Construct an R[X]-linear map out of AEval R M a from a R-linear map out of M.

Equations

• LinearMap.ofAEval a f hf = let __spread.0 := f ∘ₗ ↑(LinearEquiv.symm (Module.AEval.of R M a)); { toAddHom := __spread.0.toAddHom, map_smul' := ⋯ }

theorem Module.AEval.annihilator_eq_ker_aeval {R : Type u_3} {A : Type u_2} {M : Type u_1} [CommSemiring R] [Semiring A] (a : A) [Algebra R A] [AddCommMonoid M] [Module A M] [Module R M] [IsScalarTower R A M] [FaithfulSMul A M] : Module.annihilator (Polynomial R) (Module.AEval R M a) = RingHom.ker (Polynomial.aeval a)

@[simp]

theorem Module.AEval.annihilator_top_eq_ker_aeval {R : Type u_3} {A : Type u_2} {M : Type u_1} [CommSemiring R] [Semiring A] (a : A) [Algebra R A] [AddCommMonoid M] [Module A M] [Module R M] [IsScalarTower R A M] [FaithfulSMul A M] : Submodule.annihilator ⊤ = RingHom.ker (Polynomial.aeval a)

def Module.AEval.comapSubmodule (R : Type u_1) {A : Type u_2} (M : Type u_3) [CommSemiring R] [Semiring A] (a : A) [Algebra R A] [AddCommMonoid M] [Module A M] [Module R M] [IsScalarTower R A M] : CompleteLatticeHom (Submodule (Polynomial R) (Module.AEval R M a)) (Submodule R M)
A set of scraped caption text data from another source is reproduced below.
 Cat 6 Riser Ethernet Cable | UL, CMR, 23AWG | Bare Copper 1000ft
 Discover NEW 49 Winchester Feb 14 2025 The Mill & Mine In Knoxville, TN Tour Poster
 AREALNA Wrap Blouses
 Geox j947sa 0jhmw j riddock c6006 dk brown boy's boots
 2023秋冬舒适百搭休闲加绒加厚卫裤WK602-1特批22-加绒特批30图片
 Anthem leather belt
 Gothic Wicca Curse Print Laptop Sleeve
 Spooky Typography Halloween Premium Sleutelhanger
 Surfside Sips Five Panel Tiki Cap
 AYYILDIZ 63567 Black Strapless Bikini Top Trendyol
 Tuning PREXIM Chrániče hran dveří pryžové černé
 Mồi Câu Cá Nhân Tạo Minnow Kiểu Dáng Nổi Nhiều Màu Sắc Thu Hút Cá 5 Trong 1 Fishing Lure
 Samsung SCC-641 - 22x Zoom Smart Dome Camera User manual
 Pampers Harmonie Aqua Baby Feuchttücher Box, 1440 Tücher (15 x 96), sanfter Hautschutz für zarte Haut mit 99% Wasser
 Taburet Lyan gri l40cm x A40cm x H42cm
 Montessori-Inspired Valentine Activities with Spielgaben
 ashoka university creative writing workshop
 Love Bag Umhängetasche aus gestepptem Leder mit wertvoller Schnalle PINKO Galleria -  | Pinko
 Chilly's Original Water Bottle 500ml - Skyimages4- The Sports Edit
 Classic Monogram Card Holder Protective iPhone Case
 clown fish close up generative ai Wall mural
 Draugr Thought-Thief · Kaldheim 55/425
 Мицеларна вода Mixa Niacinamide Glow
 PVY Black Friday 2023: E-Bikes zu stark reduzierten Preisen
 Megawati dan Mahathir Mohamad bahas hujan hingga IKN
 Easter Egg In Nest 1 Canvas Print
We can turn an R[X]-submodule into an R-submodule by forgetting the action of X.

Equations

• One or more equations did not get rendered due to their size.

@[simp]

theorem Module.AEval.mem_comapSubmodule {R : Type u_2} {A : Type u_3} {M : Type u_1} [CommSemiring R] [Semiring A] (a : A) [Algebra R A] [AddCommMonoid M] [Module A M] [Module R M] [IsScalarTower R A M] {q : Submodule (Polynomial R) (Module.AEval R M a)} {x : M} : x ∈ (Module.AEval.comapSubmodule R M a) q ↔ (Module.AEval.of R M a) x ∈ q

@[simp]

theorem Module.AEval.comapSubmodule_le_comap {R : Type u_2} {A : Type u_3} {M : Type u_1} [CommSemiring R] [Semiring A] (a : A) [Algebra R A] [AddCommMonoid M] [Module A M] [Module R M] [IsScalarTower R A M] {q : Submodule (Polynomial R) (Module.AEval R M a)} : (Module.AEval.comapSubmodule R M a) q ≤ Submodule.comap ((Algebra.lsmul R R M) a) ((Module.AEval.comapSubmodule R M a) q)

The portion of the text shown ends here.